L. A. - Oui voilà. Pour moi ce sont plus des petits signes de la vie, et je me disais aussi que c'était le moment, parce que peut-être que je n'aurais pas eu une telle opportunité plus tard. Et puis voilà, ça s'est fait comme ça. 

  

CDF - De l’extérieur on voit une super belle équipe montpelliéraine, mais qui manque juste parfois d'envie, l'envie de renverser les "grands" du championnat ou d'Europe ? Est-ce que c'est ça aussi qui manque à Montpellier selon toi, qui as vécu la saison dernière en particulier avec la Ligue des Championnes ?   

L. A. - (elle soupire) Non ça c'est l'avis des gens qui regardent.

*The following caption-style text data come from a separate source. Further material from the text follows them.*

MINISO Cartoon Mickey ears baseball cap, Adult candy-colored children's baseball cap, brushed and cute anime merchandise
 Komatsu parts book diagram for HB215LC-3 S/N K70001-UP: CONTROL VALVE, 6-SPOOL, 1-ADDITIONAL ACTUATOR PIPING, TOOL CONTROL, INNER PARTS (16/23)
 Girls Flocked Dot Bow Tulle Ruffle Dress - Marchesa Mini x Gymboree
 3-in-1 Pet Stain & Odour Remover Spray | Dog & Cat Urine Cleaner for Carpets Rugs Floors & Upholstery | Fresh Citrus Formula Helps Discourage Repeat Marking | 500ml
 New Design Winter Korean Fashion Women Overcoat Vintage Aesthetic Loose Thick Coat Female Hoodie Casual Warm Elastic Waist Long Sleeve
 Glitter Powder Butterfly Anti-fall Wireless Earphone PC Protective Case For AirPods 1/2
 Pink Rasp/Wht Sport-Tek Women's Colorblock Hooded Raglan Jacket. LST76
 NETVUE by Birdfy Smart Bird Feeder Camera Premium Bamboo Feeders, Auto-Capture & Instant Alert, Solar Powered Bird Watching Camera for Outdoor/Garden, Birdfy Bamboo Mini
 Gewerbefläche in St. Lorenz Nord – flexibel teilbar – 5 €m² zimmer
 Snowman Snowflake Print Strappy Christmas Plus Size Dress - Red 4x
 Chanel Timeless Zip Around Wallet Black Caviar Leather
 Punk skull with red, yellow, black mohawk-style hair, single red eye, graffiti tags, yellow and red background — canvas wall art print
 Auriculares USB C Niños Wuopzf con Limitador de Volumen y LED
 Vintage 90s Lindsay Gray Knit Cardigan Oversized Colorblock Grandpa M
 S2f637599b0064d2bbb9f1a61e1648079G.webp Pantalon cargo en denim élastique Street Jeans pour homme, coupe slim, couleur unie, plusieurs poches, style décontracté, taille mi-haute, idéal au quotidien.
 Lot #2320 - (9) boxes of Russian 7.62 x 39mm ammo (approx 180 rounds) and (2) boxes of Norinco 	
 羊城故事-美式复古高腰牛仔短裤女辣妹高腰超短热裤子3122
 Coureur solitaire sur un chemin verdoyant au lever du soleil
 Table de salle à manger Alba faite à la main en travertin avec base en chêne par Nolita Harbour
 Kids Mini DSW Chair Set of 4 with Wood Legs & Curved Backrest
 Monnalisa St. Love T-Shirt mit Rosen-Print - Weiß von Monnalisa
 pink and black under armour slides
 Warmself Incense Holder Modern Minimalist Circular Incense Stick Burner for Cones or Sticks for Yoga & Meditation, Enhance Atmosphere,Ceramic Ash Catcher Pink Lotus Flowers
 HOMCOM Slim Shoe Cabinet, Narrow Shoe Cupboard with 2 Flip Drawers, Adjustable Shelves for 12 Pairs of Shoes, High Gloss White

Après nous, en tout cas concernant les matches que j'ai fait contre ces grandes équipes, jamais je n'y suis allée en me disant "Bon de toute façon c'est Lyon on va le perdre" après si c'est l'avis extérieur, c'est l'avis extérieur, moi ce n'est pas le mien.    

Pour moi c'est surtout sur des aspects tactiques, même si après techniquement et physiquement elles sont, notamment Lyon pour moi, un peu au-dessus. Mais sur un match tu peux les avoir, les renverser. Après voilà je ne suis pas là pour critiquer ou quoi que ce soit, mais pour moi c'est d'un œil extérieur. Je ne parle pas au nom de tout le monde, parce que je ne connais pas l'avis de tout le monde, mais de toute façon je n'y suis plus donc Montpellier c'est un peu derrière moi.